Data for analysis:
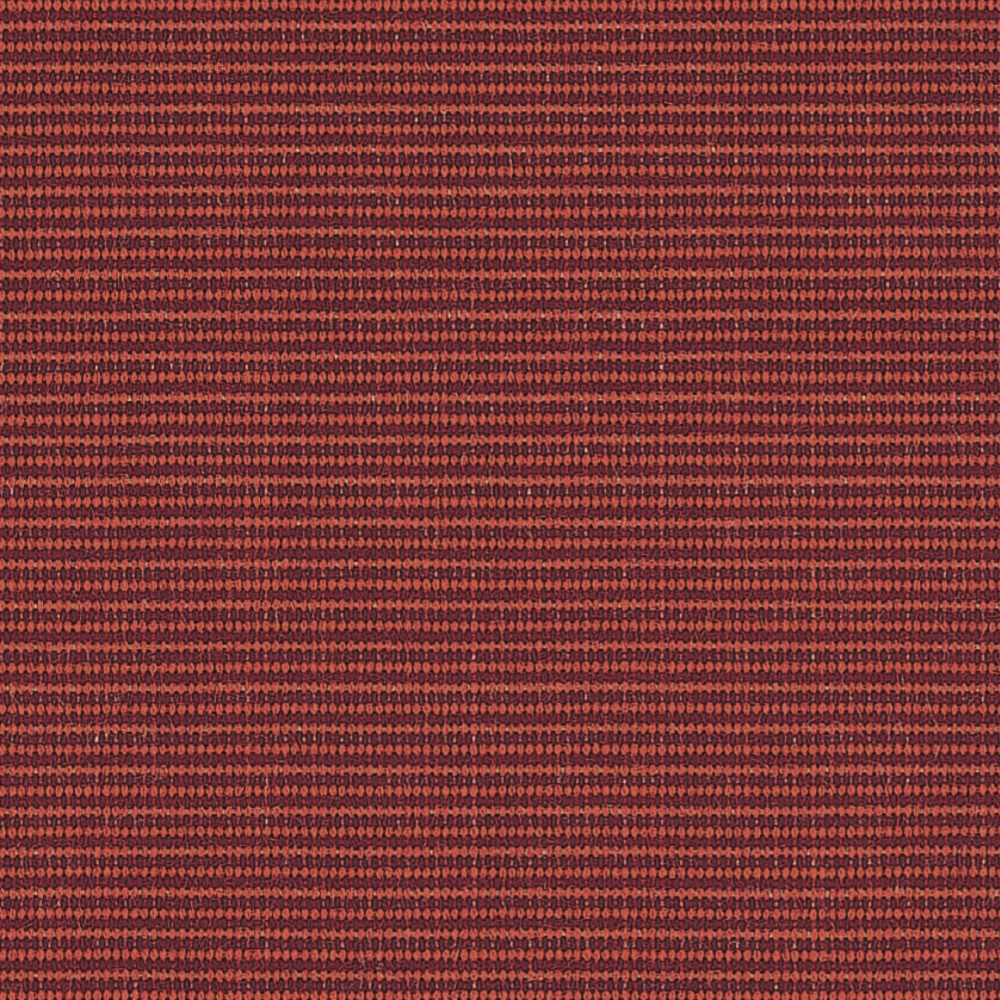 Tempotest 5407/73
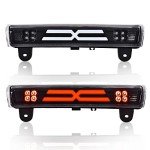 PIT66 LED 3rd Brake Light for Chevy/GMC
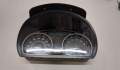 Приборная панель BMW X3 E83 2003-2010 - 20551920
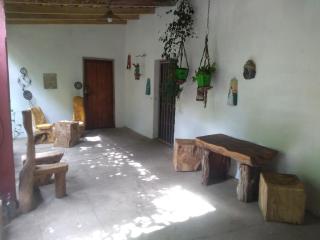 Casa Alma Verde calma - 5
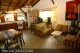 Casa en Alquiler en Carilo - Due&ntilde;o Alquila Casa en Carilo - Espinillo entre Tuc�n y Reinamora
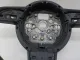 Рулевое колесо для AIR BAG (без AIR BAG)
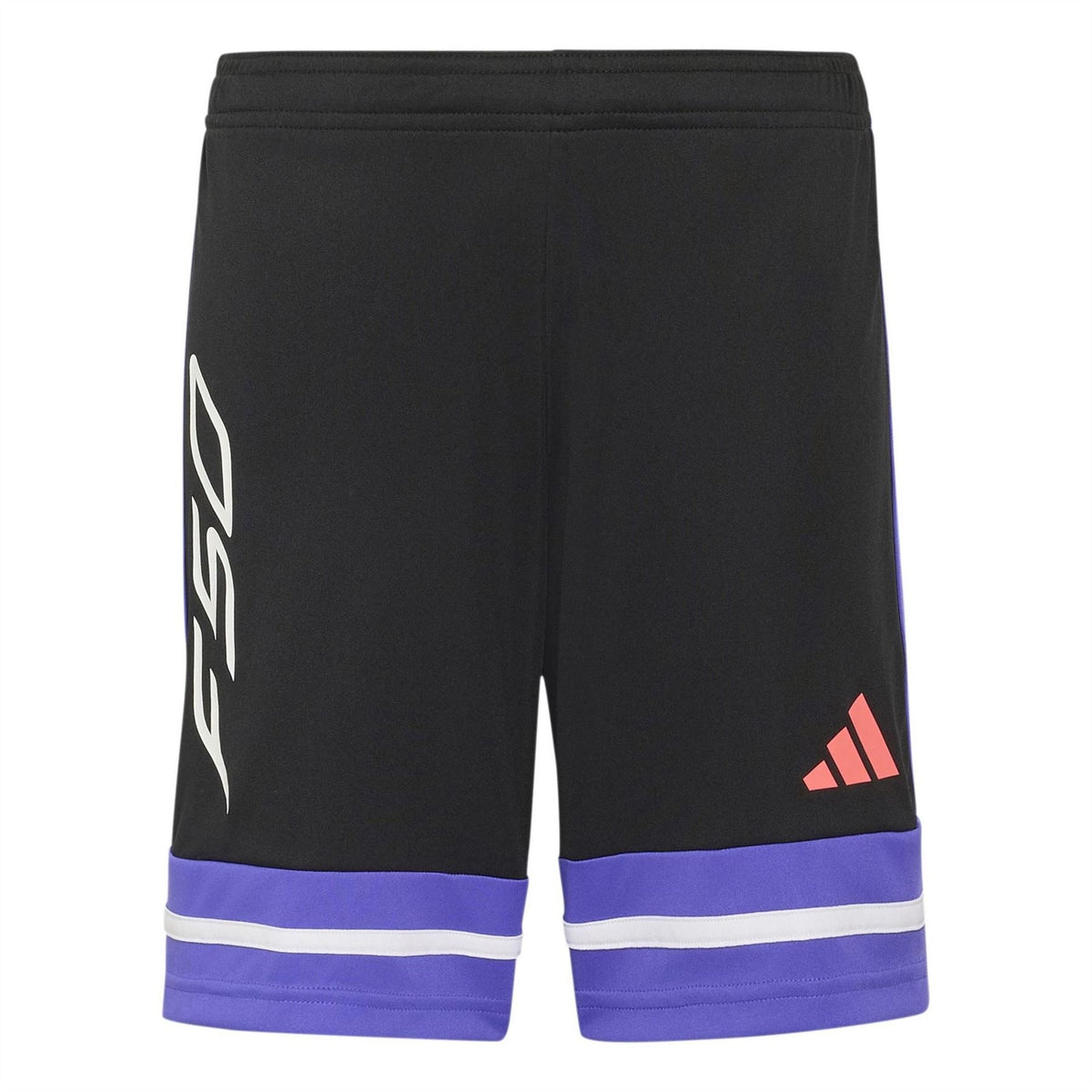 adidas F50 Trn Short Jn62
--
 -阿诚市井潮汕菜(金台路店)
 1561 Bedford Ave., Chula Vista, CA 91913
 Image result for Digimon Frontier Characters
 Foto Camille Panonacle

Goal of the exercise: Starting with the line that contains "Tempotest 5407/73" and finishing with the line that contains "adidas F50 Trn Short Jn62", reproduce every line of the material above exactly, but not the pictures.

Response box:
 Tempotest 5407/73
 PIT66 LED 3rd Brake Light for Chevy/GMC
 Приборная панель BMW X3 E83 2003-2010 - 20551920
 Casa Alma Verde calma - 5
 Casa en Alquiler en Carilo - Due&ntilde;o Alquila Casa en Carilo - Espinillo entre Tuc�n y Reinamora
 Рулевое колесо для AIR BAG (без AIR BAG)
 adidas F50 Trn Short Jn62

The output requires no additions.